Aug 10, 2018 at 05:30 Update Date :Feb 27, 2019 at 07:46 UTC

SIM hijacking has been an age-old technique used by hackers, and they are now targeting digital currencies as the security and traceability of crypto-exchanges keep failing.

South Korean exchange Coinrail recently faced a breach in June and investors lost about $37 million. Exchanges like Bithumb and Bancor have also fallen victim to hackers since then.

A study by CipherTrace shows that just the first 6 months of this year alone saw about $761 million stolen from exchanges.

However, in one of the first instances of SIM hijacking being used to steal cryptos, 20-year-old California student Joel Ortiz managed to make a theft of more than $5 million from around 40 investors.
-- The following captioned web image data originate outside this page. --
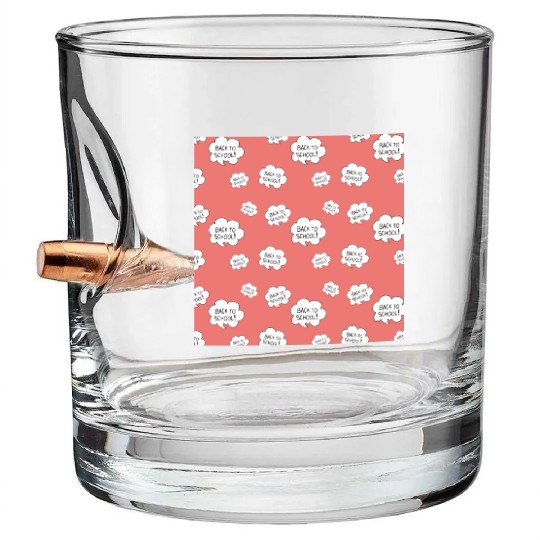 BACK TO SCHOOL SEAMLESS PATTERN Bullet Whiskey Glasses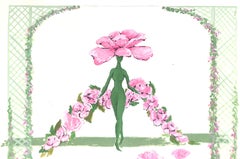 Vintage "Lanvin Paris Pink/ Green Floral Lady Two-Sided c1950s Artwork"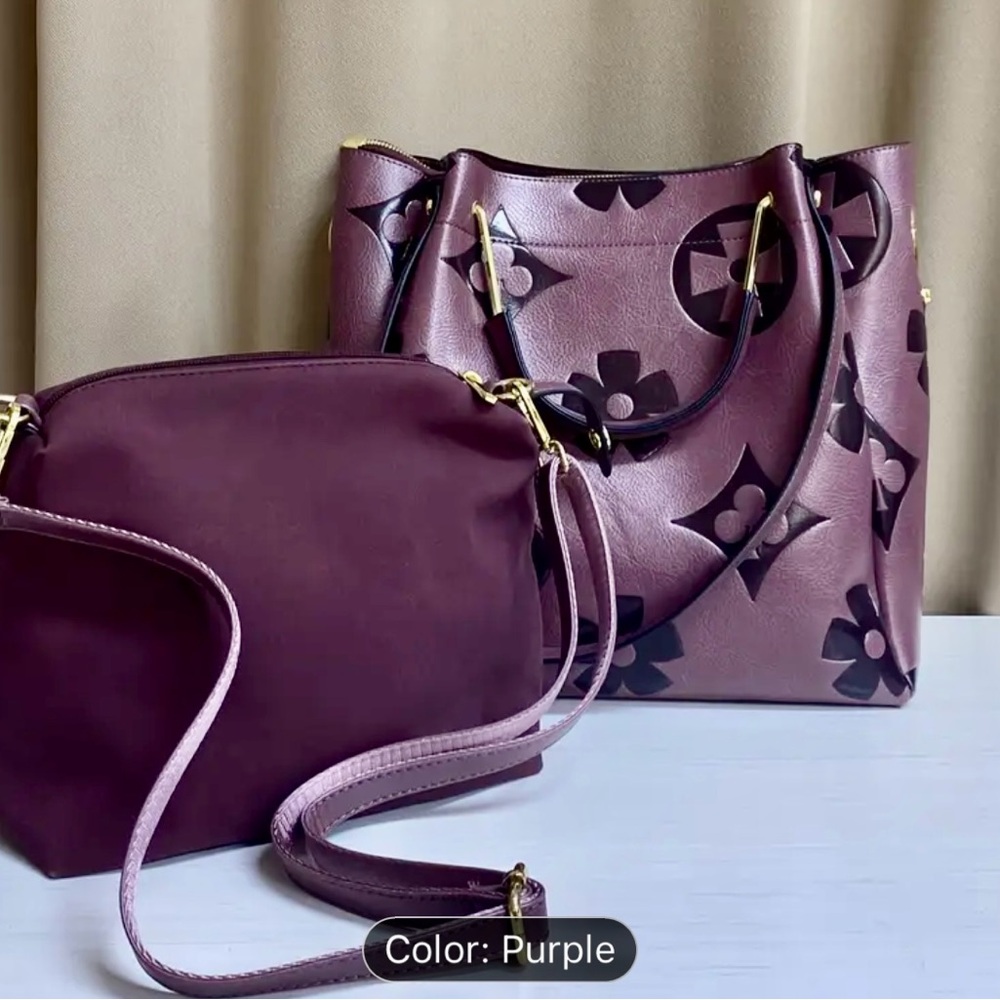 Trendy Convertible Embossed 2-Piece Bag Set~NWOT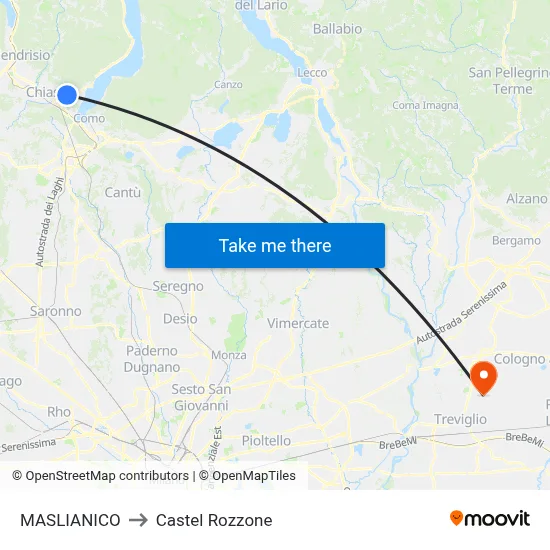 Maslianico to Castel Rozzone map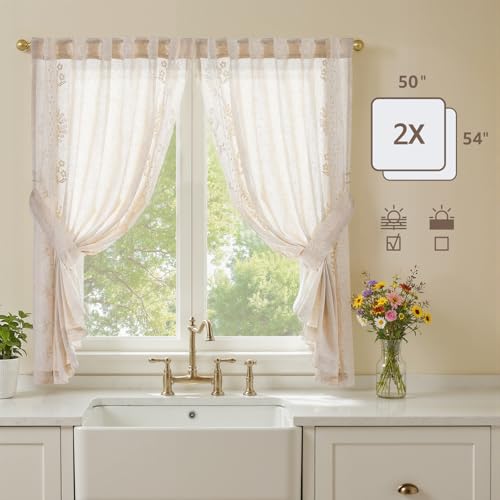 Image of jinchan Ivory Floral Linen Kitchen Tier Curtains 50x54 Inch 2 Panels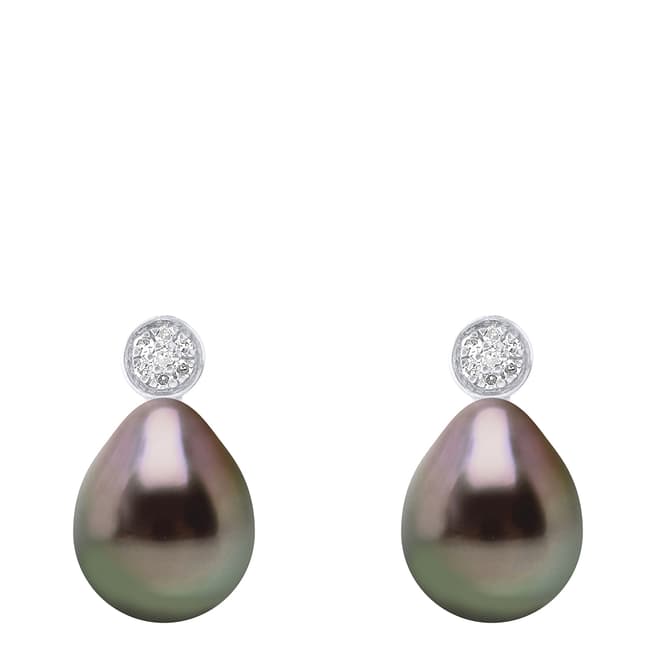 Atelier Pearls Tahiti Freshwater Pear Pearl Diamond Stud Earrings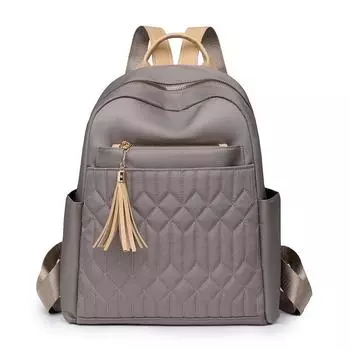 Нейлоновый рюкзак большой емкости с кисточками женский водонепроницаемый легкий дорожный рюкзак чёрный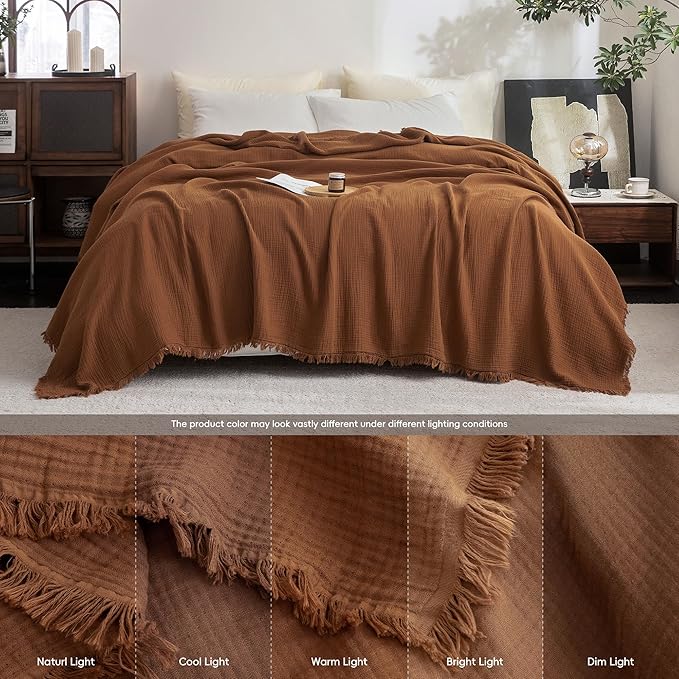 FOSSA Muslin Blanket with Fringe - 4-Layer 100% Cotton Gauze Super Soft & Breathable Throw -Lightweight Decorative Cooling Blanket for Bed, Sofa, Office (Dark Orange, Throw (60" × 50"))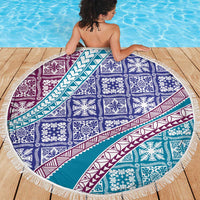 Hawaiian Quilt Pattern Beach Blanket Purple Blue Color Mixed LT01 - Polynesian Pride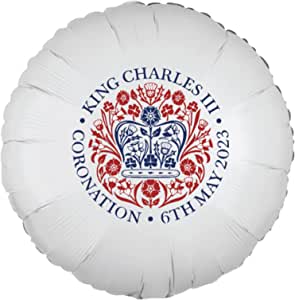 Official Kings Coronation Logo Printed Foil Balloon (White)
Allegedly, Ortiz managed to hijack the phones of his victims from data gathered from social media. This way he was able to claim himself the owner of “lost” phones, and then answer the required security questions to obtain alternate SIM cards.

Using these new cards, Ortiz and his accomplices managed to reset the passwords of the victims, and gain sole access to their online crypto accounts, which were obviously emptied. One investor alone claims losses of over $1.5 million.

Ortiz got arrested back in July. There are now 13 counts of ID theft, 13 counts of hacking, and 2 counts of grand theft against him.

While this case may have been one of the first major ones to come to light, there might just many more such hackers according to authorities who have yet to be brought to court.

Investors have been advised to withhold their crypto holding info from social media, and to most definitely not post their mobile numbers online. Many believe that phone companies too are responsible for protecting their customers from such thefts.

CEO of crypto trading and analysis firm Svandis Hermann Finnbjörnsson says:

“Non-crypto services rely on cell phone authorisation as well, like traditional banks. Mix private information, like address and date of birth, with access to a cell phone number, and the average consumer could be stripped of everything.”